## THE RECORDS
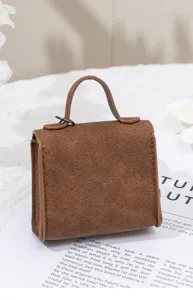 Mini retro braune Leder Tasche Anhänger Münzbeutel Schlüsselanhänger süßes Zubehör.
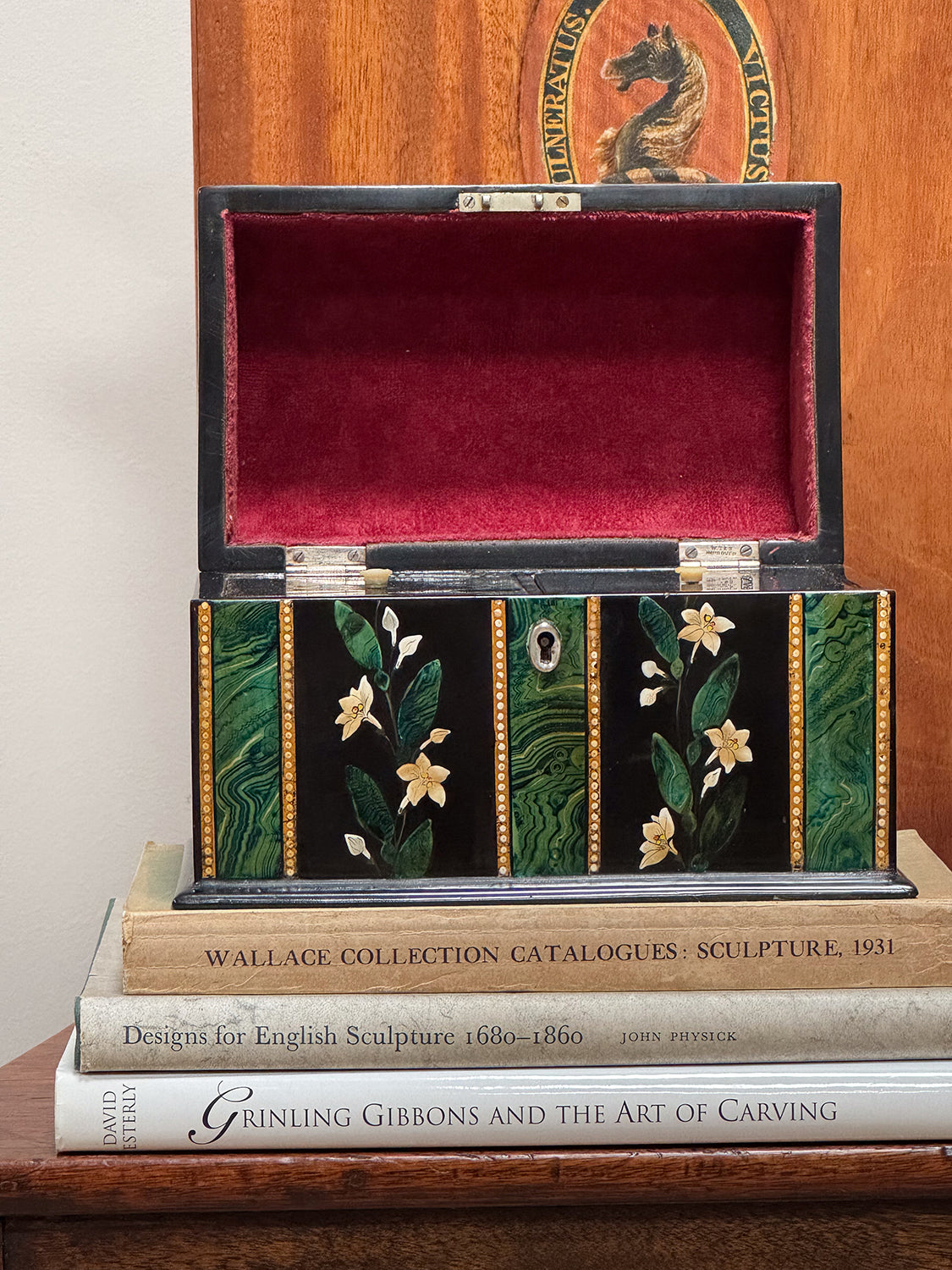 A C19th Faux Malachite Tea Caddy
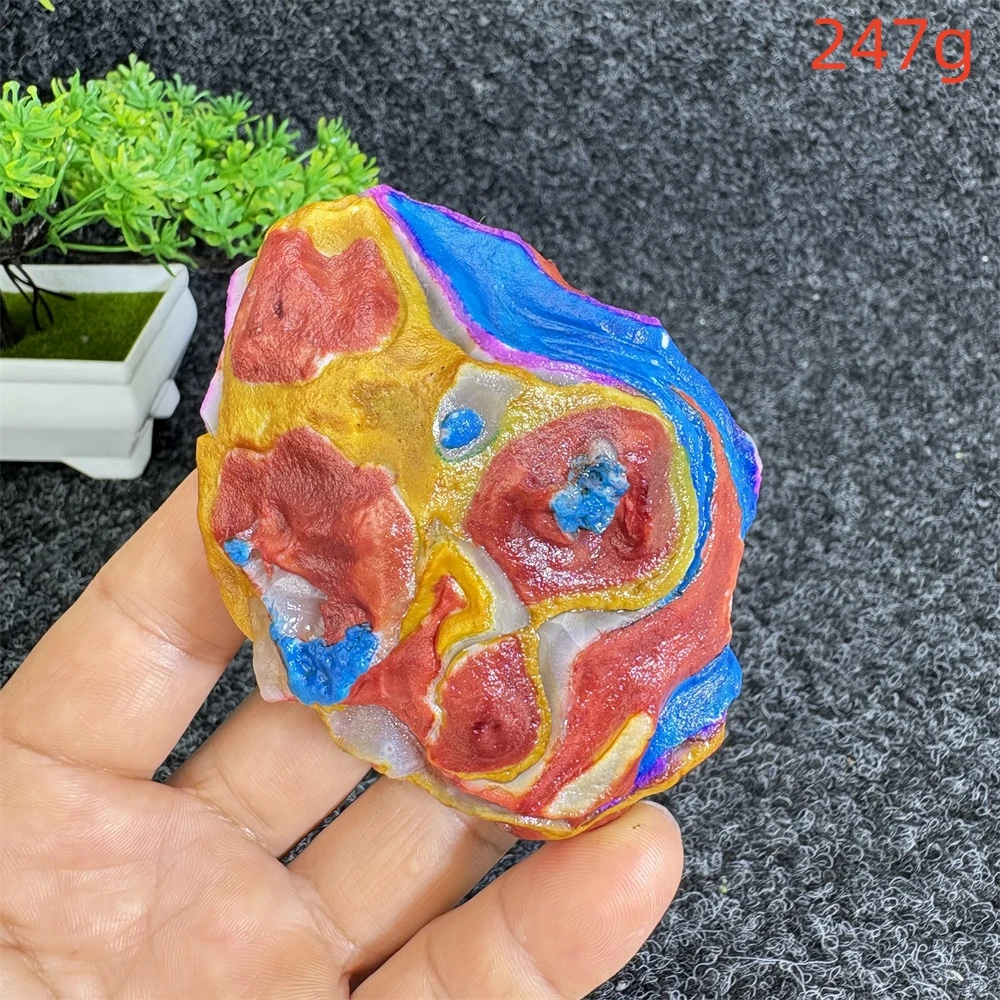 Colorful Agate Raw Specimen Crystal Natural Stone Quartz for Home Garden Decoration Reiki Energy Healing Stone Minerals Luck Lov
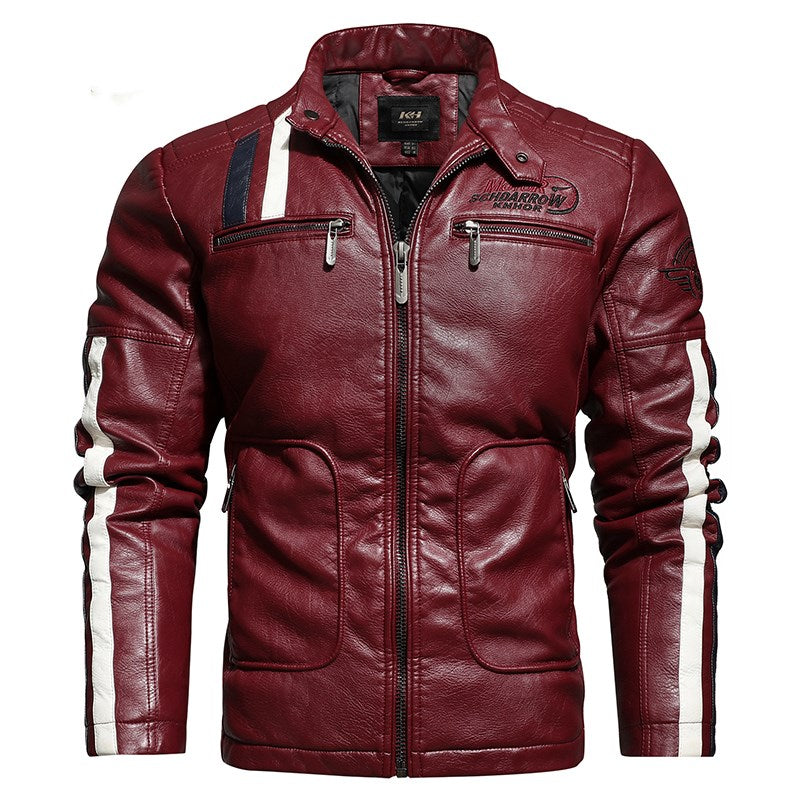 Men's Slim-Fit Short Embroidered PU Leather Jacket with Stand-Up Collar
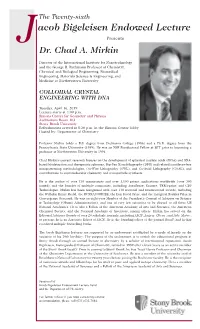 Jacob Bigeleisen Endowed Lecture
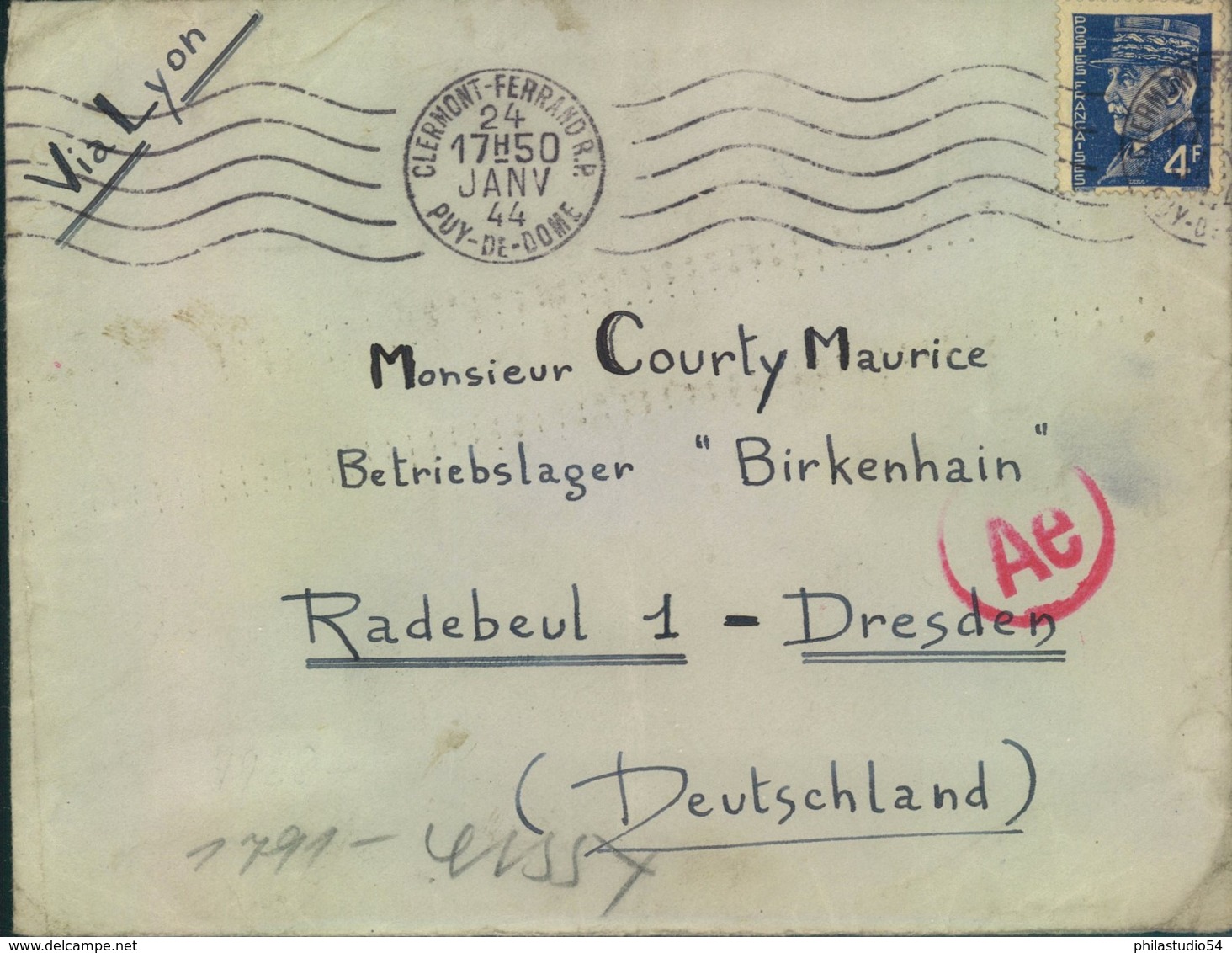 1944, Post Aus Frankreich In Das Zwangsarbeiterlager "Birkenhain", Radebeul, Zensur "Ae" - Otros & Sin Clasificación
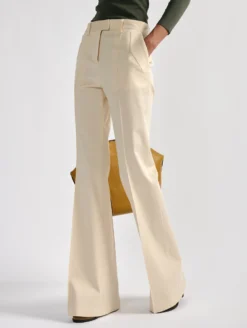 Pantalon Bootleg En Gabardine De Coton Sable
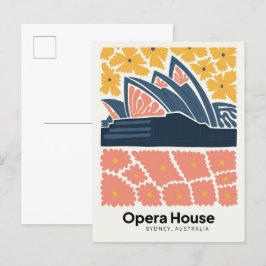 Opera House Sydney Australië reizen bloemenkunst Briefkaart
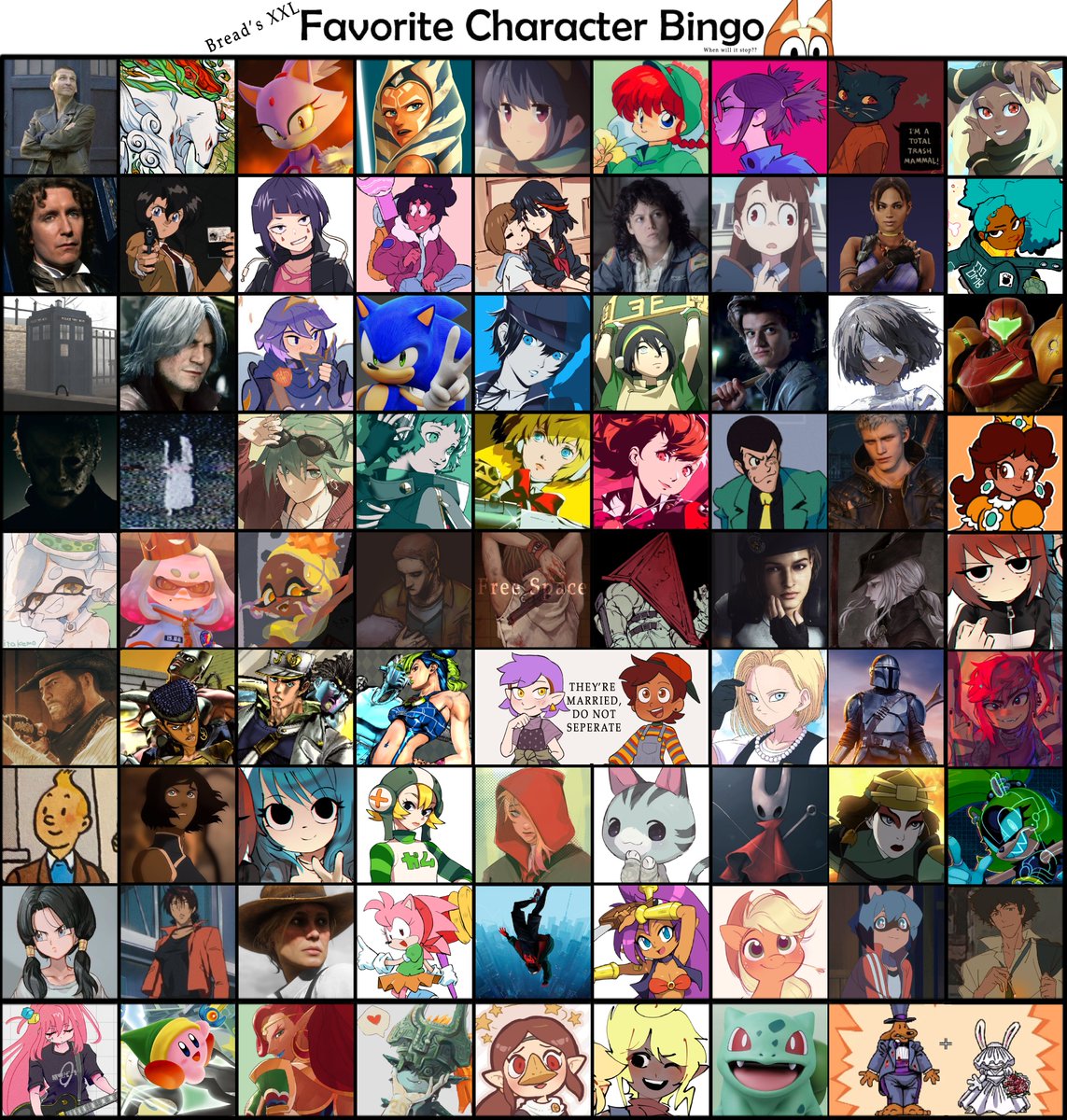 its_breadd's tweet image. I saw Favourite Character Bingo is coming back around on my feeds again,  so I stayed up until 5am updating mine for some reason! Help!!  

And, yes, I did quadruple the size of the template bc i could not  choose. Try to get a Bingo - I DARE ya &amp;gt;:D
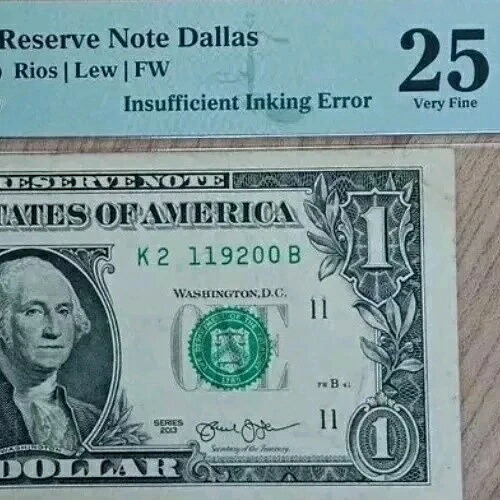 インク不足エラー。PMGグレードの数字が完全に欠落しています。$1ファンシー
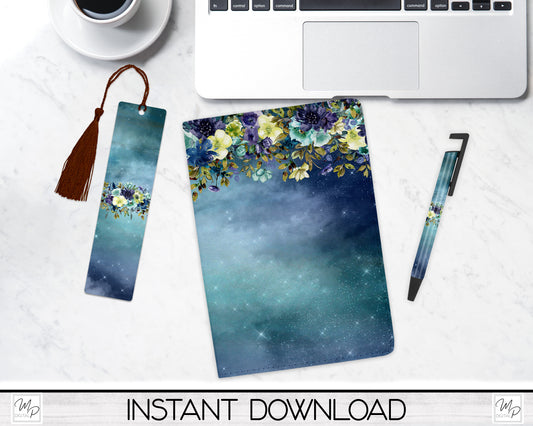 Floral Journal and Pen Set PNG Sublimation Design, Digital Download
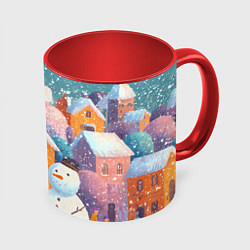Кружка 3D Дети во дворе лепят снеговика, цвет: 3D-белый + красный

## GOAL OF THE EXERCISE
Every record above must be repeated exactly, with the pictures dropped.

## TASK OUTPUT
 Mini retro braune Leder Tasche Anhänger Münzbeutel Schlüsselanhänger süßes Zubehör.
 A C19th Faux Malachite Tea Caddy
 Colorful Agate Raw Specimen Crystal Natural Stone Quartz for Home Garden Decoration Reiki Energy Healing Stone Minerals Luck Lov
 Men's Slim-Fit Short Embroidered PU Leather Jacket with Stand-Up Collar
 Jacob Bigeleisen Endowed Lecture
 1944, Post Aus Frankreich In Das Zwangsarbeiterlager "Birkenhain", Radebeul, Zensur "Ae" - Otros & Sin Clasificación
 Pantalon Bootleg En Gabardine De Coton Sable
 Opera House Sydney Australië reizen bloemenkunst Briefkaart
 its_breadd's tweet image. I saw Favourite Character Bingo is coming back around on my feeds again,  so I stayed up until 5am updating mine for some reason! Help!!  

And, yes, I did quadruple the size of the template bc i could not  choose. Try to get a Bingo - I DARE ya &amp;gt;:D
 インク不足エラー。PMGグレードの数字が完全に欠落しています。$1ファンシー
 Floral Journal and Pen Set PNG Sublimation Design, Digital Download
Кружка 3D Дети во дворе лепят снеговика, цвет: 3D-белый + красный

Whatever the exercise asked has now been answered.